Differential abundance analysis of Procyon and Theta Sculptoris: Comparison with abundance patterns of solar-like pairs

TL;DR

This study applies the precision differential abundance technique to Procyon and Theta Sculptoris, revealing abundance patterns linked to stellar and galactic processes, and compares these with solar-like stars to understand chemical evolution.

Contribution

It introduces a detailed differential abundance analysis of Procyon and Theta Sculptoris using weak spectral lines, highlighting their abundance pattern correlations with stellar age and galactic evolution.

Findings

PDA patterns correlate strongly with stellar metallicity.

Substructure in abundance differences resembles solar twins.

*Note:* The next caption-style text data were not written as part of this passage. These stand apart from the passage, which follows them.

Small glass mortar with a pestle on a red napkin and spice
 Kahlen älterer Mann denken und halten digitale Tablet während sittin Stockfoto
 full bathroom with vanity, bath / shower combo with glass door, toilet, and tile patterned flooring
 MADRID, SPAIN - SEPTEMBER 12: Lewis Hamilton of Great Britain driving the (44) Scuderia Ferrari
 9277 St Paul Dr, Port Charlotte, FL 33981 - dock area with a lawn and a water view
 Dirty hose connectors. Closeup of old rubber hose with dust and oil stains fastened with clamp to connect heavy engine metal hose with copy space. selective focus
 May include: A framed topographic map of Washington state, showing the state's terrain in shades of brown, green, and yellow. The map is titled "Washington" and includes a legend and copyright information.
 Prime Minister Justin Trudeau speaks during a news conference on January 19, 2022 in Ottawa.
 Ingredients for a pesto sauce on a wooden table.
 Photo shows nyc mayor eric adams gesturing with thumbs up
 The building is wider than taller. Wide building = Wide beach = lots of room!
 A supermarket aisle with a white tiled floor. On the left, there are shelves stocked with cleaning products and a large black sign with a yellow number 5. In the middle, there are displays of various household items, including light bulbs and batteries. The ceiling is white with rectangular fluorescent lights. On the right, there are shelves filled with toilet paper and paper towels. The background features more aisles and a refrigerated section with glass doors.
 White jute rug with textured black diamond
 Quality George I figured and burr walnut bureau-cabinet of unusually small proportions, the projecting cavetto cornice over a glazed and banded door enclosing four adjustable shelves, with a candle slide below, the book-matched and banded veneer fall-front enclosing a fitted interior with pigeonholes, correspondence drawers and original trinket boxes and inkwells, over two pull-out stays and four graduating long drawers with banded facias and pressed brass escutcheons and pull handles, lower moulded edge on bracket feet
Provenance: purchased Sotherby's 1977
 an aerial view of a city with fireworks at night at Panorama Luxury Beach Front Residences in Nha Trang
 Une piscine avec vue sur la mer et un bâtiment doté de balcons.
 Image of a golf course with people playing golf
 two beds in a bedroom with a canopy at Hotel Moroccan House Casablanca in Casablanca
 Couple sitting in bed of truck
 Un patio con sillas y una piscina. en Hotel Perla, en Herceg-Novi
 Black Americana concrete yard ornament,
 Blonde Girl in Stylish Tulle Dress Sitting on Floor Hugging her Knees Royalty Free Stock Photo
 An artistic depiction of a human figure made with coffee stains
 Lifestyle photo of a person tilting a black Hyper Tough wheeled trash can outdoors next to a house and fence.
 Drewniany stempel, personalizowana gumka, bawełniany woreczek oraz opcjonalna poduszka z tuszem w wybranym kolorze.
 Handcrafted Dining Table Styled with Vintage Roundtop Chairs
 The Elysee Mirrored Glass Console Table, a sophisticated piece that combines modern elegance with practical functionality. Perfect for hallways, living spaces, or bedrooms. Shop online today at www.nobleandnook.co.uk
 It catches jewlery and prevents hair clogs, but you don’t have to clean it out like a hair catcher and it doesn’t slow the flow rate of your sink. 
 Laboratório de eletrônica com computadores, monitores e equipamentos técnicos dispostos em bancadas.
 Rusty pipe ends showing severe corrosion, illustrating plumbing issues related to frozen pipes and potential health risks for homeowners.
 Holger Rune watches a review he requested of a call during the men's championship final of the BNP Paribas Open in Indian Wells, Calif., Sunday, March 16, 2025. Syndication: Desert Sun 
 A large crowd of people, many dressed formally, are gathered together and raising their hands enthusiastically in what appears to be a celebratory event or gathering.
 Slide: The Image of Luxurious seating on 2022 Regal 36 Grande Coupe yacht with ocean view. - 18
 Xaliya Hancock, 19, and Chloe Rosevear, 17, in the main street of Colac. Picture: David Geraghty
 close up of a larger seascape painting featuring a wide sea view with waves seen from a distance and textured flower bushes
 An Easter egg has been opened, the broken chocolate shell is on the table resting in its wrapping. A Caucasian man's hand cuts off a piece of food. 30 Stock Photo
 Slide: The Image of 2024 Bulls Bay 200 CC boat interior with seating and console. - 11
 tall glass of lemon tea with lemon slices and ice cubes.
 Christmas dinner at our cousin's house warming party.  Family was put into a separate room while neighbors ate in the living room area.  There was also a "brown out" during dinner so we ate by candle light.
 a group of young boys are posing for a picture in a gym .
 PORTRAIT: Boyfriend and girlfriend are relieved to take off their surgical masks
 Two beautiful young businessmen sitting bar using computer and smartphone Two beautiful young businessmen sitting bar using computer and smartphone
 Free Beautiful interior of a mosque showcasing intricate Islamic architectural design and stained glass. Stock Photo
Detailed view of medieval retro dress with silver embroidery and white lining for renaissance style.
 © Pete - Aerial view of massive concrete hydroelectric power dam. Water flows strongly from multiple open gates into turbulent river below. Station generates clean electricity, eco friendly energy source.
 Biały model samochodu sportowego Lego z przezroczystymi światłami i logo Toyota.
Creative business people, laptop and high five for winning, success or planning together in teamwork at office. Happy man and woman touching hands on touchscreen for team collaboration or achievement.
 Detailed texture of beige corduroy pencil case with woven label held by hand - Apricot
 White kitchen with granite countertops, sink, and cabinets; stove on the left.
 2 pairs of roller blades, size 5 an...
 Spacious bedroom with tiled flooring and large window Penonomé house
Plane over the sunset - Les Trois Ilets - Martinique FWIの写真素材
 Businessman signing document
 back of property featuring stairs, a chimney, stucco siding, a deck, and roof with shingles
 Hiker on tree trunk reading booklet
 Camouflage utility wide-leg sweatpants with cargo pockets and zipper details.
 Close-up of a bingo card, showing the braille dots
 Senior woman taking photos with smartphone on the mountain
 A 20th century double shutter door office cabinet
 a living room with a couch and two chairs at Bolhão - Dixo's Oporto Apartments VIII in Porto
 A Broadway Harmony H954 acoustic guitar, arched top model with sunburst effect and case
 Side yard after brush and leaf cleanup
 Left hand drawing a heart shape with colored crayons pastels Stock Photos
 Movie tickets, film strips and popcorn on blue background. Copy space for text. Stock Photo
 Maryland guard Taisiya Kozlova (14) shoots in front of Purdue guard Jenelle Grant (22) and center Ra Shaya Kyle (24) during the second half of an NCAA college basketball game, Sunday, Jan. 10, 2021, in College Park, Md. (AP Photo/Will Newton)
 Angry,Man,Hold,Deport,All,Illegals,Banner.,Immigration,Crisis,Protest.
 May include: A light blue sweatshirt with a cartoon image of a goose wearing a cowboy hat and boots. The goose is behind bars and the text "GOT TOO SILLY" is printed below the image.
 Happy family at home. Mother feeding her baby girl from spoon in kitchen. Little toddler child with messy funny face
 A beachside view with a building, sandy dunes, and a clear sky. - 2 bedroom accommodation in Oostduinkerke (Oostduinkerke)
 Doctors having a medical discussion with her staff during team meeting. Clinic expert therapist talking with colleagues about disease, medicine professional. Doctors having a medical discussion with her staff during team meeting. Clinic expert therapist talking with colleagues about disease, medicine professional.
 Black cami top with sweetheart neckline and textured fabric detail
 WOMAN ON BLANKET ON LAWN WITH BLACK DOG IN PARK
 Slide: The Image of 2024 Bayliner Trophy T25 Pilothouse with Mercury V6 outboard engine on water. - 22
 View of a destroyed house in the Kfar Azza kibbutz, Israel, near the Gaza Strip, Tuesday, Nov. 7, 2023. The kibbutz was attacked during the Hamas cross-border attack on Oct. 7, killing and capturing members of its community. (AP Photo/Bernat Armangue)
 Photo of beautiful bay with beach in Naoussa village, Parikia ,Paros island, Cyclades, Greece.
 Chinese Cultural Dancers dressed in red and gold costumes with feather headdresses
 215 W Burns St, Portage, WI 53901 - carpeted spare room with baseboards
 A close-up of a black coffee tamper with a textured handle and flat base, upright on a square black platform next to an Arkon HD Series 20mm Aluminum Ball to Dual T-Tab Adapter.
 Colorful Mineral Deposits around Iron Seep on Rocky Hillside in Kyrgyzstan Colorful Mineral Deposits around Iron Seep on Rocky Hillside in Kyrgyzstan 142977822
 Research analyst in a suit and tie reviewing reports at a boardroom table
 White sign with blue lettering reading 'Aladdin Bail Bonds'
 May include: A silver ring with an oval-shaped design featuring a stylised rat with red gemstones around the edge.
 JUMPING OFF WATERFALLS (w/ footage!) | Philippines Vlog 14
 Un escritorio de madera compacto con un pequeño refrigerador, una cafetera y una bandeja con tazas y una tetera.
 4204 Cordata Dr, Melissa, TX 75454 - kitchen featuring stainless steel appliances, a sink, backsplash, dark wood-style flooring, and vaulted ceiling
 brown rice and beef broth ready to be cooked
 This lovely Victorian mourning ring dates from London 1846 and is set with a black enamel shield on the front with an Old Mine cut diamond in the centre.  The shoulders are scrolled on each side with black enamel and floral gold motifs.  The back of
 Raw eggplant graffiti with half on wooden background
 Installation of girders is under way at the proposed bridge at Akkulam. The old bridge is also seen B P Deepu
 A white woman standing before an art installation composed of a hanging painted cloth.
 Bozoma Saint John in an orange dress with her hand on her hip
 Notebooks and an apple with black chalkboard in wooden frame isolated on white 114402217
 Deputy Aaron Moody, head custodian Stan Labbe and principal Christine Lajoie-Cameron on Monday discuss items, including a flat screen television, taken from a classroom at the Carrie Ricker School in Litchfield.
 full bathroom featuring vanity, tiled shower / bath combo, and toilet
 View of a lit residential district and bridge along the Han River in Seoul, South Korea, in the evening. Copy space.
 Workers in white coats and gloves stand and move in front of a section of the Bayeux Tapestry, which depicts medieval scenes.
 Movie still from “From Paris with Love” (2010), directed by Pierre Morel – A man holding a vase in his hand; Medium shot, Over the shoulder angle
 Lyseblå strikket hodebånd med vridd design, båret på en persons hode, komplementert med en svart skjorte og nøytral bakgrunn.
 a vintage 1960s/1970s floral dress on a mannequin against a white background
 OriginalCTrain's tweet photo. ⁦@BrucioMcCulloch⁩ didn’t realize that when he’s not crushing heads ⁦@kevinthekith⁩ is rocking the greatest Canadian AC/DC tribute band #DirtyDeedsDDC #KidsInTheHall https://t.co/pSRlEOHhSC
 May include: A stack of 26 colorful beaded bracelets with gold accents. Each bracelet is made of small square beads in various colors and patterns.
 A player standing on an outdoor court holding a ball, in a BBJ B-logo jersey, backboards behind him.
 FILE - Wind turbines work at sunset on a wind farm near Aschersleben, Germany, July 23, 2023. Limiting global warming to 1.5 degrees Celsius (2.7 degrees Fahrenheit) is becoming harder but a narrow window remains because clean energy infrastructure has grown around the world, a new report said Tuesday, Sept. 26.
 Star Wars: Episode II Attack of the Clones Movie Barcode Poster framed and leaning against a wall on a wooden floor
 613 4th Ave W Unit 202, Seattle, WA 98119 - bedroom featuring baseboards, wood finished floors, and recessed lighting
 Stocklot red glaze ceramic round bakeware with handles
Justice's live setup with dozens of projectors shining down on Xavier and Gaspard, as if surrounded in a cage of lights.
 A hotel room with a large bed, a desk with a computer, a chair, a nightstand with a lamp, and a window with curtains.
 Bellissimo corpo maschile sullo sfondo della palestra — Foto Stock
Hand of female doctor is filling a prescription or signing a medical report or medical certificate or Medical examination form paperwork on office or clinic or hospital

PDA structures are age-dependent.

Abstract

The precision differential abundance (PDA) technique is applied to the mid-F stars Procyon and $\theta$ Scl using spectra from the ESO UVESPOP library. We relate PDA patterns to endogenous processes related to condensation or to exogenous processes connected to Galactic chemical evolution (GCE). We employ one-dimensional LTE models, but emphasize the use of weaker lines ($\leq$ 20 m\AA) than are typically used in such studies. We compare our results with PDAs of solar-type stars. Abundances and PDAs are determined for 28 elements: C, N, O, Na, Mg, Al, Si, S, Ca, Sc, Ti, V, Cr, Mn, Fe, Co, Ni, Cu, Zn, Y, Zr, Ba, La, Ce, Nd, Sm, Eu, and Gd. A plot of PDAs ($\theta$ Scl minus Procyon) vs. $Z$ shows a highly significant correlation. Moreover, local substructure of the plot for the elements Ca-Zn and neutron-addition elements is similar to that which can be found for solar twins. Our PDA vs. $Z$ plot structural similarity to plots that can be made from the extensive work of Bedell et al. (2018). That PDA structure and substructure is clearly a function of age.